Speaker is from Honolulu, HI; he is a 60-year-old Asian man with an eighth-grade education. The interview took place in 1967 by DARE’s founder and former chief editor, Frederic G. Cassidy.
CASSIDY: Uh, I hear that there’s a Hawaiian custom of something called a hukilau.
INFORMANT: Hukilau, hukilau is, uh, they have a rope, end of the rope they have a net there.
CASSIDY: Mm-hmm.
INFORMANT: They surround it, a certain place, and they drag the net.
CASSIDY: They surround it. You mean they carry the net out?

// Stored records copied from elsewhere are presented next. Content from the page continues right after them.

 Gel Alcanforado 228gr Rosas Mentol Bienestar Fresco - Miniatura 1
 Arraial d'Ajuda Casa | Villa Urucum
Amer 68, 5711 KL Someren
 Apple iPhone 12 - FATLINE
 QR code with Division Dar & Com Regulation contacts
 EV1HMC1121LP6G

INFORMANT: Carry it, yeah, uh, huh.
CASSIDY: Uh, how do they, i-, is there something to keep the net floating?
INFORMANT: Yeah, sometimes those, uh, floaters, uh, floating. Some leave a [leader] in the bottom and they drag it, the netting.

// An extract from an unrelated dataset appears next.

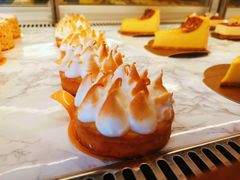 -Madeleine玛德琳(永平里店)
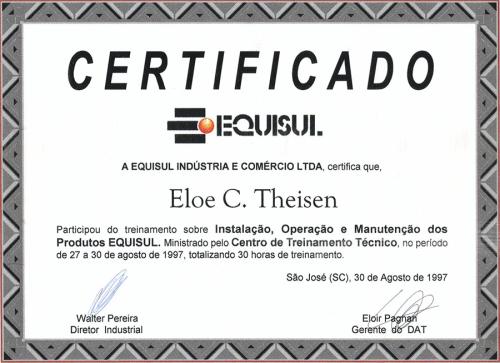 equisul-1997-001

CASSIDY: What do the floats, what are the floats made of?
INFORMANT: The float made of those, uh, some coco- coconut, uh, dried coconut, I guess.
CASSIDY: Oh, dried coconut. {[That’s a good one, circle that.]
SECOND INFORMANT: Oh yes,} mm-hmm.
CASSIDY: Uh, and that floats the top of the net?
INFORMANT: Top of the net.
CASSIDY: Now the word lau means “leaf” doesn’t it?
INFORMANT: Hukilau, lau’s yah, yah lau’s “leaf.”
CASSIDY: Alright, well now the, the, where did the “leaf” come in in this hukilau?
INFORMANT: Hukilau—the leaves, you know, these on at the top, top of your rope, so the, there, when they pull, the fish are gonna not jump over the rope.
CASSIDY: The ropes, the, the, uh, the leaves keep the fish from jumping over? Do they scare them {or what?
INFORMANT: Scare them, they scare them away. So they want to go on in the water, see. When [xx] go on in the water there. They would go to the net. They have a pocket on the net.
CASSIDY: They have a pocket on the net. And the bottom of the net then—
INFORMANT: Bottom of the net they have a pocket.
CASSIDY: Mm-hmm. It, a lot of them must have some kind of sinks to make it sink.
INFORMANT: Sinks, uh, lead, they have a lead.
CASSIDY: Oh, they have lead on it, I see. Then, uh, uh, somebody goes out and puts the net [out] around.
INFORMANT: Yeah, there’re two of them, the boat—
CASSIDY: With the boat.
INFORMANT: —and the two boats that goes out, [xx] all around.
CASSIDY: And then, uh, who pulls it in?
INFORMANT: Well, they have a lot of guy—uh, on the shores about forty, fifty guys there pull that rope up.
CASSIDY: Ah, and, uh, they must have a pretty big school of fish there.
INFORMANT: Yeah, once in a while they have a nice school, school, right.
CASSIDY: And then, uh, they pull them all in, and the fish don’t, are scared to jump out so they {get caught.
INFORMANT: No, they all end up, uh, on the net. They, they get caught in the net.
CASSIDY: I suppose the top of the net comes in sooner than the bottom so they, if they do try to go out they’re in that pocket.
INFORMANT: Yeah, they have a big one, uh, you know about six or seven guys swimming on it, around the net to, to watching how the fish going.
CASSIDY: Oh, I see.
INFORMANT: Then, uh, cha-, chasing at the hole.
CASSIDY: Uh huh, well, about how much fish do they get out of a good haul of those?
INFORMANT: Once I saw a [xx]—they caught about, about a ton I guess of those, uh, akule. Oh, they were nice [xx].
CASSIDY: What’s akule?
INFORMANT: Mmm, akule—some kinda, you know, the [Polynese] call akule akule. [Japanese] call it [hajiji?]